3Ts
Elite Member
I have moved my wife's and my teacher daughter's 401K money into Fidelity Contra (50% of investment in each) which made 32.25% last year and Fidelity Growth Company which made 36.76% for the past twelve months. Both of those funds have averaged 12% earnings SINCE 1986 INCLUDING SEVERAL DOWNTURNS. That is over thirty years thru several severe downturns.
This is the key! Time and Dollar cost averaging. I have funds that have lost money 3 out of 10 years, including some significant losses, however, over those 10 years the average growth rate is 14% per year. You won't get that from any bank I've heard of.
I have tried to tell people on here and in person, DON'T give your money to a local yokel investor. They will take your money and put it in mutual funds and take a cut for themselves for "managing" your money. That money is your future and your retirement. Learn a little and take care of it yourself.
This is so important! There is NOBODY more interested in your success than you. I've had several Financial Advisors, they all have done well and are prosperous - for themselves. Each of them have turned more money into less money. Once I figured that out, I did my investing for myself, and have done significantly better than any of them.
Ultra aggressive funds that earn 25% a year can also lose 25% a year.
Yes, but the general trend is up and mutual funds (instead of stock) reduce the risk.

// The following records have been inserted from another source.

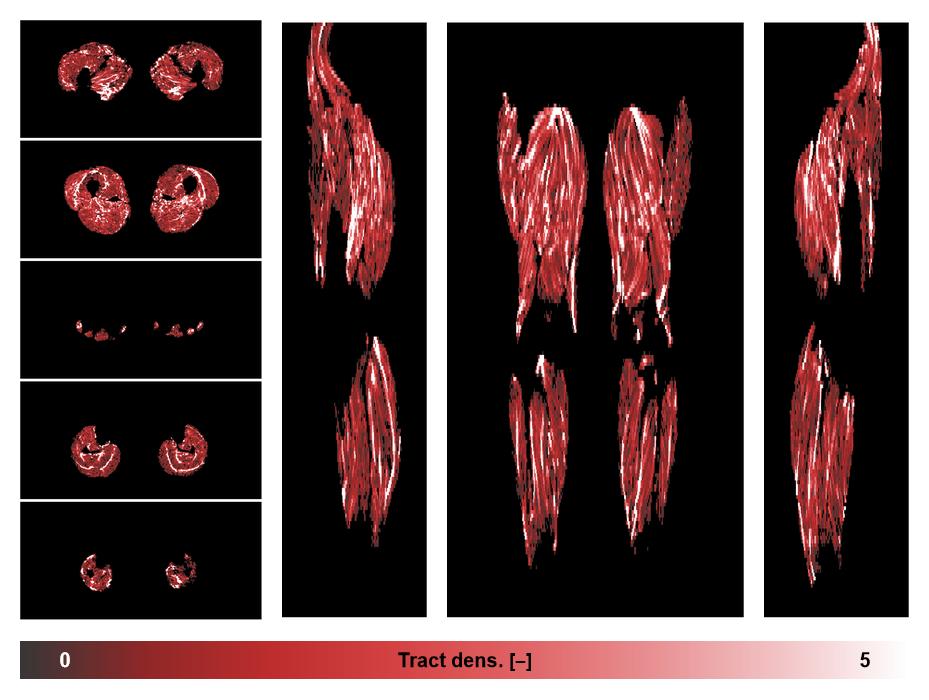 Muscle fiber tract density map based on whole leg DTI based fiber tractography.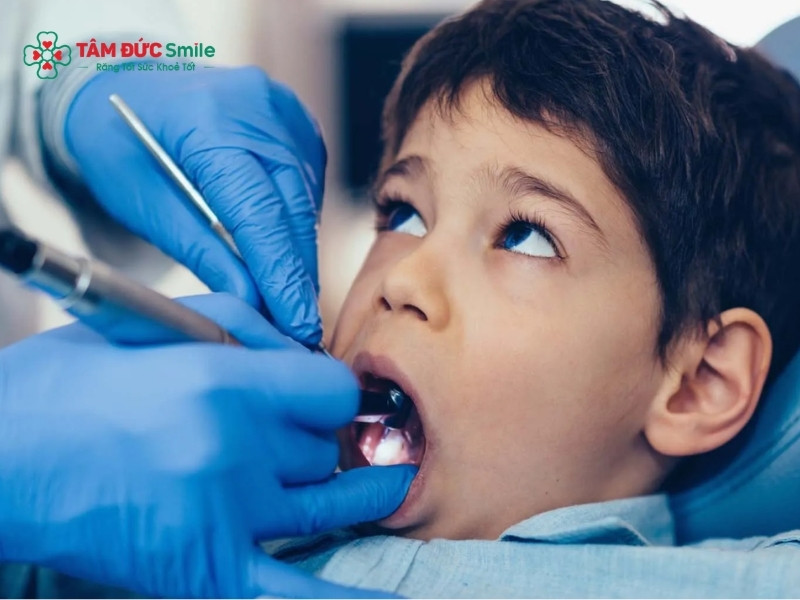 Răng sữa chết tủy không thể tự hồi phục, nhưng sẽ được thay thế bởi răng vĩnh viễn theo quá trình tự nhiên.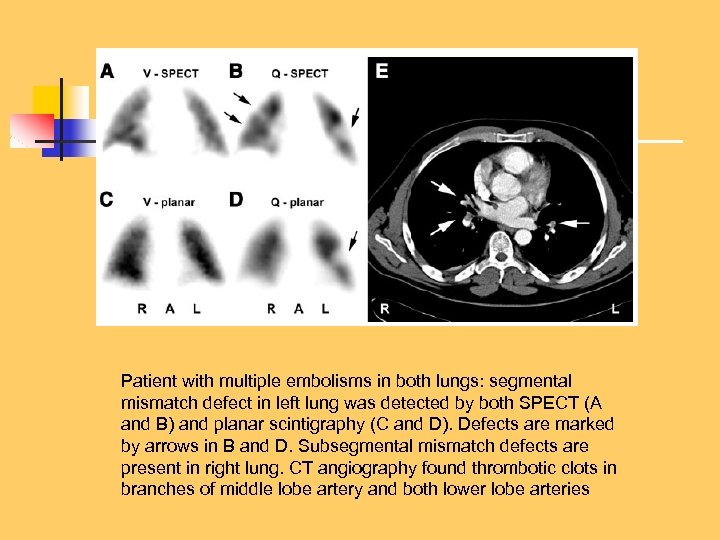 Patient with multiple embolisms in both lungs: segmental mismatch defect in left lung was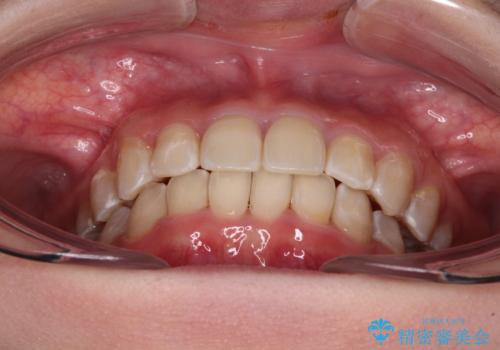 楽してクロスバイトを治したい ワイヤー装置による矯正治療の治療後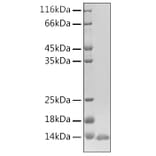SDS-PAGE - Recombinant Human BD-3 Protein (N-terminal His Tag) (A330153) - Antibodies.com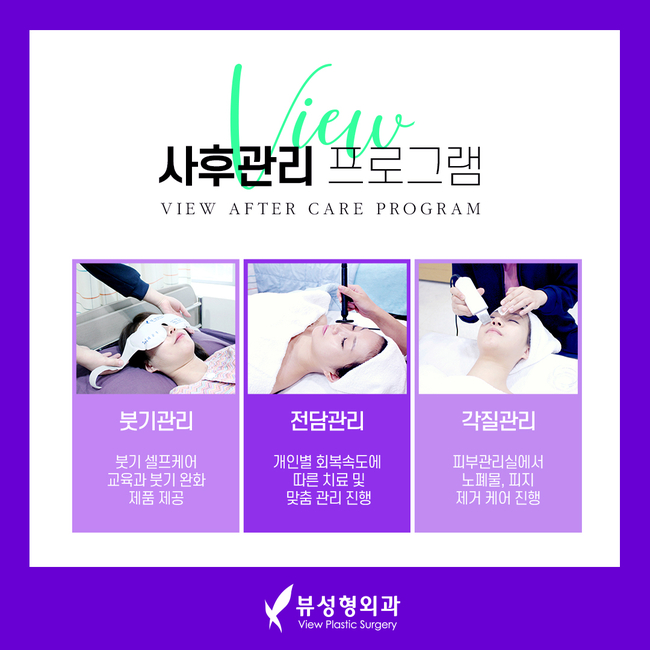 낮은코수술 뷰성형외과 조화롭고 오똑하게 관련 이미지 8
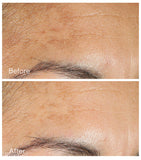Murad Vita C Glycolic Serum 30ml, imported from the UK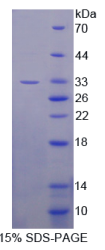 B-细胞淋巴瘤因子11A(Bcl11A)重组蛋白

But one rule you must remember. If you don't have the cash to pay for a purchase, don't use a credit card as a short term loan. Pay it off each month. Or that purchase you got 5% back on will loose you 3% a month at the least. On some cards if you carry the balance for that purchase one month you will lose what you saved plus some more in fees and interest.
DO NOT CARRY DEBT ON A CREDIT CARD.
I know people who carry tens of thousands in credit card debt, at 20% and they have thousands of dollars in interest payments every year and are looking to make a few extra dollars by "investing" in CDs at the bank at about 2%. I've not been able to get them to understand what they are doing wrong. They absolutely will not reduce their CC debt because they need it to "keep their credit score up". (Which is only in the 600s) They are the ones subsidizing those of us who get the 5% back on transactions. - They also look at the 5% "cash back" as being better than the 2% they'd get with the Certificate of Deposit, so they go out and buy more. It's an endless spiral - for them and they do not realize it.All the credit card incentives of 2% cash back, etc really only work if many people carry a large balance and pay interest, even though they are charging the merchants about 4% on every transaction for the convenience. The few that don't can take advantage of the system.